In works like my one-act play “How to Have Fun in a Civil War” (2016), my “Healing Aqal” (2020) installations placed throughout Minneapolis, and my public art project “Weaving Abundance” (2024), I illuminate Indigenous and cultural traditions that Somalis, Muslims, and Black communities have practiced for generations. My goal is to help us see the beauty of the past not as nostalgia, but as a living, breathing archive.
My work draws on the tools of the past to heal the present and to design the future. It is rooted in radical imagination; in abundance, in kindness, and in collective care.
Today, the world is getting to know us — Somalis.
We arrive loud, immaculate, fluent in speed, presence, and success. It becomes easy to forget that trauma ever touched us, that we have known unimaginable pain.
But I remember, as a child, sleeping under the starry nights of Mogadishu, prayerfully wishing for the civil war to disappear. I wondered if peace could arrive with the morning sunlight, and whether there would be enough food for all the people I loved.
And I remember, as an English Language Learner educator at a community center, witnessing these Somali elders work long, treacherous hours — cleaning hospitals overnight, maintaining malls and gyms in silence — carrying invisible labor while raising families and saving their earnings to open halal markets and small businesses. Their exhaustion was visible, but so was their unwavering resilience.

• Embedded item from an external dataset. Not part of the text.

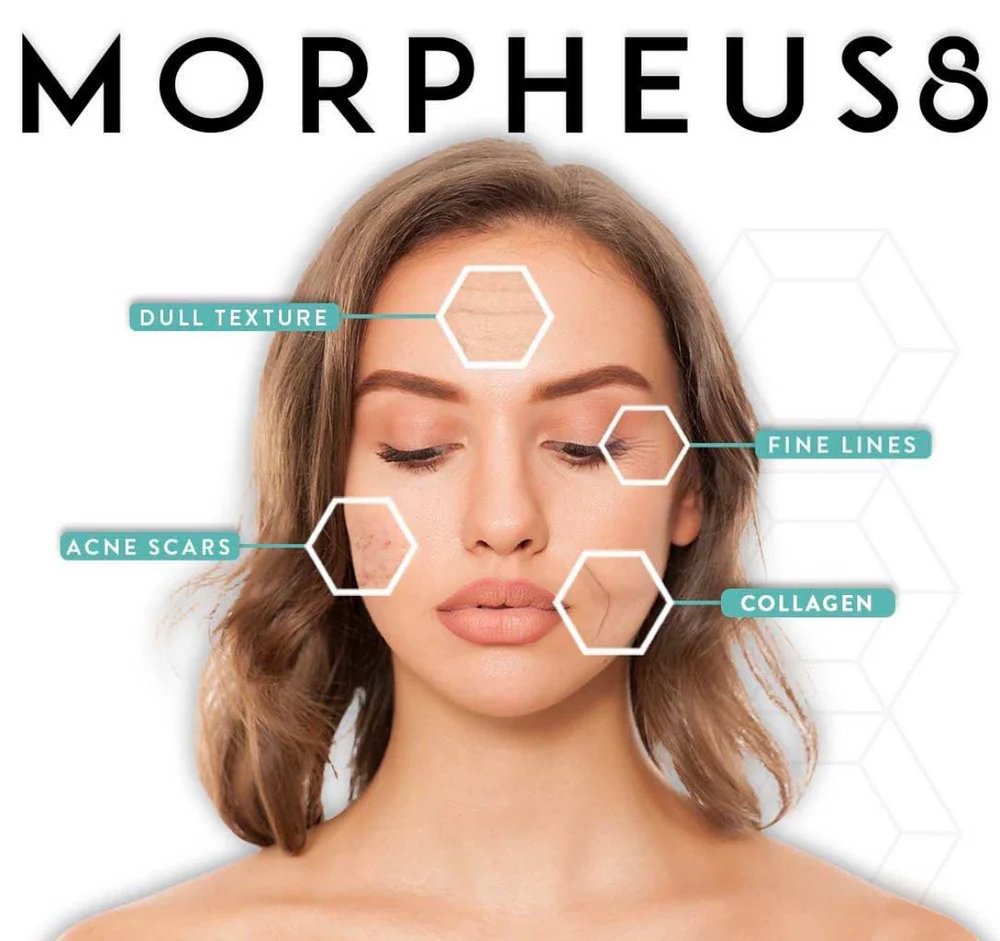 Morpheus 8 SARAYU CLINICS Morpheus 8 in Delhi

Today, the world meets us from a deeply stigmatizing place. It keeps asking, “How did you get here? What vile thing did you do to get here, because you should not be here?”
To live in Minnesota as Somalis at this moment can feel like being skinned bit by bit. The pain of an entire community being bullied by a government is unimaginable — and, unfortunately, unoriginal. This has happened to so many other communities before us.
In places where I walk and know the streets by name, I can hear people whispering to their children: “Are we safe?” Even friends who were born here pause before crossing the street, sensing that ordinary days can be interrupted without warning.
There was a time when the morning bus felt like a possibility. Now it feels like an unanswered question. Will someone you love be asked to explain themselves before they make it home?

Violence has a way of turning familiar places into guarded ground. And yet, I think about kindness — the way strangers once helped me when I was lost — and I ask not what has been taken, but what we will continue to build from what remains.
We are people whom violence tried to erase in our first home. And now we are here in our new home, and violence is trying to erase us once again.
So we are unwavering. We remain generous, kind, and ourselves.
We have tasted the beauty of peace. And because we have known it, we are unwavering in our resilience, and in our divine belonging.
We sit in stillness, cocooned in the snow. We take refuge in our ability to be with ourselves and with one another, in relationship to this second home that has chosen us. We remind ourselves that we are worthy of peace, of belonging, of dignity. We remain steadfast.
As an artist, as a Somali, as an American, I ask myself what my role is in this moment. I am not here to perform grief. I am here to witness. To stay strong. To stand strong.
Our greatest asset has always been our ability to build — to bring life to ourselves and to those around us.
We live both unafraid and brave because we must.
The world is getting to know us today.
And when tomorrow comes, kindness will too.